Aldo Grasso, Corriere della Sera 08/07/2012, 8 luglio 2012
LA LITURGIA (TRISTE) DEL PREMIO STREGA
«Piperno più che per la gioia di aver vinto, si è scolato un quarto di bottiglia perché l’aspettava l’intervista a Marzullo». Così un nostro forumista, così noi. Avessimo avuto di fianco una bottiglia di cordiale, ce la saremmo scolata per la disperazione provocata dal Premio Strega (Rai1, giovedì, ore 23.40). Nonostante la Rai pensi che la cultura in tv si manifesti solo con la presentazione dei libri (dei loro autori), i premi letterari le sono estranei. Alla fine, risultano sempre cerimonie miserevoli, disorganizzate, prive di un qualsiasi filo narrativo: un conduttore che mette tristezza (Luca Salerno), una conduttrice che legge brani di libri con l’aria di chi non sa bene cosa sta leggendo (Francesca Fialdini), il fantasma della banalità che incombe come un corvo sui finalisti (Gigi Marzullo).
Siamo ancora a Gigi Marzullo, e questo la dice lunga sulla vocazione al ridicolo di certi dirigenti di Viale Mazzini. Se un premio che si basa sulla noiosissima liturgia dello spoglio non cerca di dotarsi di un format è inevitabilmente destinato al naufragio. E dire che il Ninfeo di Villa Giulia di occasioni ne offrirebbe: il trionfo del generone romano, i clan degli editori che si guatano tra maldicenze e gossip, l’assalto al buffet. Quest’anno poi è successo l’incredibile: gli sconfitti hanno reagito malissimo, con insulti e malignità, qualcuno ha dato sfogo alla propria frustrazione vomitando fiele contro Piperno, il vincitore. Lontani i tempi in cui Peppo Pontiggia perdeva per un punto e si dimostrava gran signore!
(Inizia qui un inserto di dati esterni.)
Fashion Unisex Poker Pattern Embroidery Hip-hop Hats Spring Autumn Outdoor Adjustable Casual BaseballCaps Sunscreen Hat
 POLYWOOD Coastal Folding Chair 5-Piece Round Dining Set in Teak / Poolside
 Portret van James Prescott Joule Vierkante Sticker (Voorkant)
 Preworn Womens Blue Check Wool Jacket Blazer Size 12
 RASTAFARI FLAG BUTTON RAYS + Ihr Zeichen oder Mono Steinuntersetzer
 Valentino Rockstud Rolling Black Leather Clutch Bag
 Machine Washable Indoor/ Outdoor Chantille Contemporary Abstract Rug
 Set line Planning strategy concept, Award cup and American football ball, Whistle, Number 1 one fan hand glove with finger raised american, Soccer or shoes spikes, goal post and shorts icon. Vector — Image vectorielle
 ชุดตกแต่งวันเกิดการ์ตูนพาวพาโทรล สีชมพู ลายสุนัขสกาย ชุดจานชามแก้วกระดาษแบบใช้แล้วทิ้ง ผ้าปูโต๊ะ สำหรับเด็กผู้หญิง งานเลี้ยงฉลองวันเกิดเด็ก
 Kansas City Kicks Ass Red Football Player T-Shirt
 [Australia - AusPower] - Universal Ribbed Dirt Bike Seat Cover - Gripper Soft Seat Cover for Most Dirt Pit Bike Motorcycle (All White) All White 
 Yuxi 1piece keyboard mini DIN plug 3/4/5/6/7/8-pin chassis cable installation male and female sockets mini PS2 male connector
Ecco, se la tv fosse stata in grado di riprendere le reazioni scomposte dello Strega ci avrebbe regalato la rappresentazione di una grande, inscalfibile verità: quando gli intellettuali decidono di dare il peggio di sé lo fanno con una serietà, con un impegno, con un’arroganza che altre categorie (che so, contadini, carpentieri, braccianti) non possono permettersi. Mettono in mostra un repertorio di insulti che nessuno possiede.